Throughout this heated and divisive presidential campaign, no item has generated more controversy than GOP nominee Donald Trump’s plan to build a wall on the southern border. Mention of the wall sends Trump’s opponents into a lather of outrage and consternation: “stupid,” “idiotic,” and “chauvinist” are some of the more restrained epithets we have heard about the wall. Anger about the wall is so reflexive and ingrained that the image of an enormous barrier slicing through the desert has almost become an externalization of how Trump’s opponents view his supporters: dumb, blank, and obstructive. 

The most impassioned arguments against Trump’s wall draw a poetic contrast between architectonic forms. “We need to build bridges, not walls,” says Democratic nominee Hillary Clinton. “Instead of building walls, we can help build bridges,” said Facebook creator Mark Zuckerberg. “A person who thinks only about building walls, wherever they may be, and not building bridges, is not Christian,” said Pope Francis. “Life is best when you build bridges between people, not walls,” said Billy Crystal (at Muhammad Ali’s funeral). The former president of Mexico, the Canadian trade minister, Kim Kardashian—everyone agrees that it is better to build bridges which join people instead of walls that divide people. 

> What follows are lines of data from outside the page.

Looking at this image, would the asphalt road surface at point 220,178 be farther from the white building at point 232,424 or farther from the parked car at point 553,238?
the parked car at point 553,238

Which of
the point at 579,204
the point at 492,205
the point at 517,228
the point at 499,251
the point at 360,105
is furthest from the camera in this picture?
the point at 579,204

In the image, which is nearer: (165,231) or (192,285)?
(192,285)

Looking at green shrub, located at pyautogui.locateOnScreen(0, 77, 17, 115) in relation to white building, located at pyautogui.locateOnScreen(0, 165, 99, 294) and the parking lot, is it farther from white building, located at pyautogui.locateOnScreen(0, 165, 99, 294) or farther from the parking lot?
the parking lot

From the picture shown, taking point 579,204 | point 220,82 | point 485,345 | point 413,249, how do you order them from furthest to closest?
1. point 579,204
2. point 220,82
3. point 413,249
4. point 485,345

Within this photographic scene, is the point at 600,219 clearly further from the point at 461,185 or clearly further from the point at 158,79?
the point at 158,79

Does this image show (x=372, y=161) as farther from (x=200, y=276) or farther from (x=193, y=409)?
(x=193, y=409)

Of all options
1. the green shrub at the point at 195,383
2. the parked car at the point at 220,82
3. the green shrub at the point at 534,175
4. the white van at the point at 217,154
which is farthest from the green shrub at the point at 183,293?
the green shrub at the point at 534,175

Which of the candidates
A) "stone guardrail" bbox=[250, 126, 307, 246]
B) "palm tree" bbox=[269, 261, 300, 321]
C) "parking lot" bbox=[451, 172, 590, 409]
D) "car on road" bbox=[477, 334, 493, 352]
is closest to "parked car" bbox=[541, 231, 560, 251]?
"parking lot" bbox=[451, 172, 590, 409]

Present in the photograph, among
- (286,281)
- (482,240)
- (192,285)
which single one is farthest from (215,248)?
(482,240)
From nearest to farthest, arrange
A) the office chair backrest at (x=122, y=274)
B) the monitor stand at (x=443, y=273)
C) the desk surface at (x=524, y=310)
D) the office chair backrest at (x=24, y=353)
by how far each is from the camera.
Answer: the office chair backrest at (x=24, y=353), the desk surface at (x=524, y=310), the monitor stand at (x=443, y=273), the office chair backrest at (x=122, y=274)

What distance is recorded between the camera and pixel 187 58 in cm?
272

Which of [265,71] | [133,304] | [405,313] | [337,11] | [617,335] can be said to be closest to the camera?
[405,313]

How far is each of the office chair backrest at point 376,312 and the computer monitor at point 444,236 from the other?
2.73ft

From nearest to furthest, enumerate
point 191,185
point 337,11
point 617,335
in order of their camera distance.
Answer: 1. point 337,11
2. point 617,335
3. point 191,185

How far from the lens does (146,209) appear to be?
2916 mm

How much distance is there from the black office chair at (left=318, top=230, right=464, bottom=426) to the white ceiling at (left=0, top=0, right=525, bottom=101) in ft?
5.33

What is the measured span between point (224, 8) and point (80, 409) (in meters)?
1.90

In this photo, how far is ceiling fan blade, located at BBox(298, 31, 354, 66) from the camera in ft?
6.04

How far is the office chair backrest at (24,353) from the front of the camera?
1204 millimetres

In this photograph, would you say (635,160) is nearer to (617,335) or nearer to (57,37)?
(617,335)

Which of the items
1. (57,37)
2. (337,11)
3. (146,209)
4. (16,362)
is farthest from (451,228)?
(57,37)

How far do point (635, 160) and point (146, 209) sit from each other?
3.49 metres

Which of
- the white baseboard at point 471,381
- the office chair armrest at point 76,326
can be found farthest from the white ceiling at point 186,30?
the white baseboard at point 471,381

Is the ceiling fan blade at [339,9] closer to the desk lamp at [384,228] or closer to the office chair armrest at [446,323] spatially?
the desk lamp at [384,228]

While the bridges/walls theme has a certain campfire resonance of brotherly togetherness, its advocates seem to forget that they are speaking metaphorically about bridges. Trump wants to build a real wall. While a real bridge might pose a separate and contradictory purpose to a real wall, imaginary bridges and actual walls could co-exist and serve complementary functions. 

Immigration enthusiasts have long pointed silently to Emma Lazarus’s poem “The New Colossus” as the final word in their argument. Trump’s opponents have made Robert Frost’s “Mending Wall” their prooftext. “As Robert Frost reminds us: ‘Something there is that doesn’t love a wall,’” writes Brookings Institution senior fellow Vanda Felbab-Brown. Something there may be, though the same poem states the opposing sentiment—“Good fences make good neighbors.” The speaker of that line is the narrator’s neighbor, who emerges from darkness, “a stone grasped firmly by the top/In each hand, like an old-stone savage armed.” Frost’s poem is steeped in ambiguity about the purpose of fences. Its very meaning balances precariously atop the titular wall, like one of the rocks that the narrator places and prays to remain where he put it. Poets may be, in Shelley’s words, the unacknowledged legislators of the world; but the fact that they are unacknowledged is precisely the reason why we don’t apply their words literally. 

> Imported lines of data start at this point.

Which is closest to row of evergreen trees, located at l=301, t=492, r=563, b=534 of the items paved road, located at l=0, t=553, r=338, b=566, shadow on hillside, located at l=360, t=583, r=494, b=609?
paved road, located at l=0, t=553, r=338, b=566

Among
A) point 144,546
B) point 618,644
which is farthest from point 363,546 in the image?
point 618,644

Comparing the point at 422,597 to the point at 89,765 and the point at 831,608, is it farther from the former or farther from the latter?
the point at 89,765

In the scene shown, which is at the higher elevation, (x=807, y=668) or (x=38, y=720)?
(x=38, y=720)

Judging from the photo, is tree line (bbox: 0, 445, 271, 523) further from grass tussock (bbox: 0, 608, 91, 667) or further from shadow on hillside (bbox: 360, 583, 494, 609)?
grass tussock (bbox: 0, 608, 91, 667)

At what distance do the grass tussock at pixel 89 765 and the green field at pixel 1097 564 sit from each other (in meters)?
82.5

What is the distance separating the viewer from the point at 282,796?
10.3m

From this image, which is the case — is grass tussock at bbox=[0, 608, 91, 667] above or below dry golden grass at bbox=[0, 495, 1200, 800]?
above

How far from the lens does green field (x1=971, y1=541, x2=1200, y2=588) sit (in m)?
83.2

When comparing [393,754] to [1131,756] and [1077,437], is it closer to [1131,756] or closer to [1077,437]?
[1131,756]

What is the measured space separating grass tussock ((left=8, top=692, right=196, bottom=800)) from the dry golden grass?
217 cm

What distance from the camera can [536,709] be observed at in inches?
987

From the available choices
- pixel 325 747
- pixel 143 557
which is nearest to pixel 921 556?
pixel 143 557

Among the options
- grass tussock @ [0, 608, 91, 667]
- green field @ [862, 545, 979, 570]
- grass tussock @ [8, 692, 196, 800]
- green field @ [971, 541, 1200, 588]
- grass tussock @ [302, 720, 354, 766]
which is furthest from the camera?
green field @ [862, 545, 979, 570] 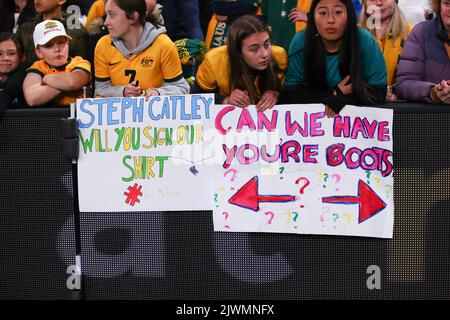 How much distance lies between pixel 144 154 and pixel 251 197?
0.63m

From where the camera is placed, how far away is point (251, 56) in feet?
16.6

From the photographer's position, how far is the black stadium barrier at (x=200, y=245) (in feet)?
15.4

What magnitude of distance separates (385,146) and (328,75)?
57 centimetres

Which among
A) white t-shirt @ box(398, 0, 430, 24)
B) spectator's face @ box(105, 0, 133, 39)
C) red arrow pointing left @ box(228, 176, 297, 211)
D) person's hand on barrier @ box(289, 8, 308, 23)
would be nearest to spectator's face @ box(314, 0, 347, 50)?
red arrow pointing left @ box(228, 176, 297, 211)

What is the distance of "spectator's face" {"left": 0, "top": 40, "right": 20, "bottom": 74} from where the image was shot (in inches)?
224

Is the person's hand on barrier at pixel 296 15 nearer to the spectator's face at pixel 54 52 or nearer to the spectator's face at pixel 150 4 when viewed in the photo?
the spectator's face at pixel 150 4

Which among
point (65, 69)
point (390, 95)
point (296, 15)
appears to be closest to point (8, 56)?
point (65, 69)

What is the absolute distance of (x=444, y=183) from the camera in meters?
4.66

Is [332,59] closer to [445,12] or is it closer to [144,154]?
[445,12]

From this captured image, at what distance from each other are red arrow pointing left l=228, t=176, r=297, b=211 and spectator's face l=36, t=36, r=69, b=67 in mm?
1493

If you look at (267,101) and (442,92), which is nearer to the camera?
(442,92)

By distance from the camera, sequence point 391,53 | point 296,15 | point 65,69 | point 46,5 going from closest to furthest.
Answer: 1. point 65,69
2. point 391,53
3. point 296,15
4. point 46,5

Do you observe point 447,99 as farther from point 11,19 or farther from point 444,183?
point 11,19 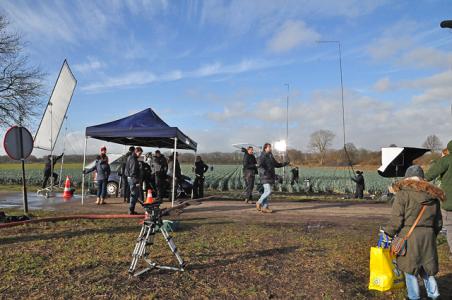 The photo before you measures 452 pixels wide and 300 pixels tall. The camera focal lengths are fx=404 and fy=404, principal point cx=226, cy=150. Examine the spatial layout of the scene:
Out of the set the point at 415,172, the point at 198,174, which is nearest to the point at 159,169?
the point at 198,174

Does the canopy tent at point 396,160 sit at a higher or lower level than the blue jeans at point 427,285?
higher

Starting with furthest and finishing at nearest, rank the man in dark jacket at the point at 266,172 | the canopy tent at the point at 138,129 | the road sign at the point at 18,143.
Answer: the canopy tent at the point at 138,129, the man in dark jacket at the point at 266,172, the road sign at the point at 18,143

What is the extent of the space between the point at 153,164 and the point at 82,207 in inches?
110

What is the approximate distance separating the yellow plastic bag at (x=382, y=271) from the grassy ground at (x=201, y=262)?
122 mm

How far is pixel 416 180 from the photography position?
465cm

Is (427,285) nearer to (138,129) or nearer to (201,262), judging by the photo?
(201,262)

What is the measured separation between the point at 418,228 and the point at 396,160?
999 centimetres

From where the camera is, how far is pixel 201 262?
21.1ft

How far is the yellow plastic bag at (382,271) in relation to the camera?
5.11 m

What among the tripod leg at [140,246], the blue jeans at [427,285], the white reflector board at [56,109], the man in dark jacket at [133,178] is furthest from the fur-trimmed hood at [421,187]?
the white reflector board at [56,109]

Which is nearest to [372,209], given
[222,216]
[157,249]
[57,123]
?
[222,216]

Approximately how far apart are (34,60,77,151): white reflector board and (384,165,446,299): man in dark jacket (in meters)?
15.6

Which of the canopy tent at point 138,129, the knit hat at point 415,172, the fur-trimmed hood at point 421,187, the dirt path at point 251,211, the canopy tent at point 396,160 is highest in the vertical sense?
the canopy tent at point 138,129

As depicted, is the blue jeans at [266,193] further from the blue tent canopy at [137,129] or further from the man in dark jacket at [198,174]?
the man in dark jacket at [198,174]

In 1987, Ronald Reagan issued one of the most quoteworthy presidential statements of the twentieth century when he commanded Soviet leader Mikhail Gorbachev to tear down the Berlin Wall. Taken by true believers as prophetic, Reagan’s words are today held out as an example of how degraded Trump’s vision is compared with that of the man whose shoes he seeks to fill. The New Yorker’s John Lee Anderson savors the irony of Trump, “boisterously claiming he wants to build a new [wall], not to keep out Communists, or even the ISIS terrorists he mysteriously claims to know how to eliminate, but people from Mexico, our closest neighbor to the south, a friendly nation.” Doug Elmets, a former Reagan speechwriter, spoke at the Democratic National Convention. “Reagan famously said, ‘Tear down this wall,’” Elmets said. “Trump says, ‘Build the wall.’”

The Berlin Wall was a prison designed to keep people in. A wall on the U.S.-Mexican border would be intended to keep people out. That difference is as significant as the difference between capitalist democracy and a Communist dictatorship, or between lawlessness and the rule of law. Nobody has to agree with Trump, or think that building a wall is more than an empty campaign promise that elicits hoots and cheers at arena rallies. But it’s amazing to see how far critics will go in abusing rhetoric in order to level the wall before it’s even built.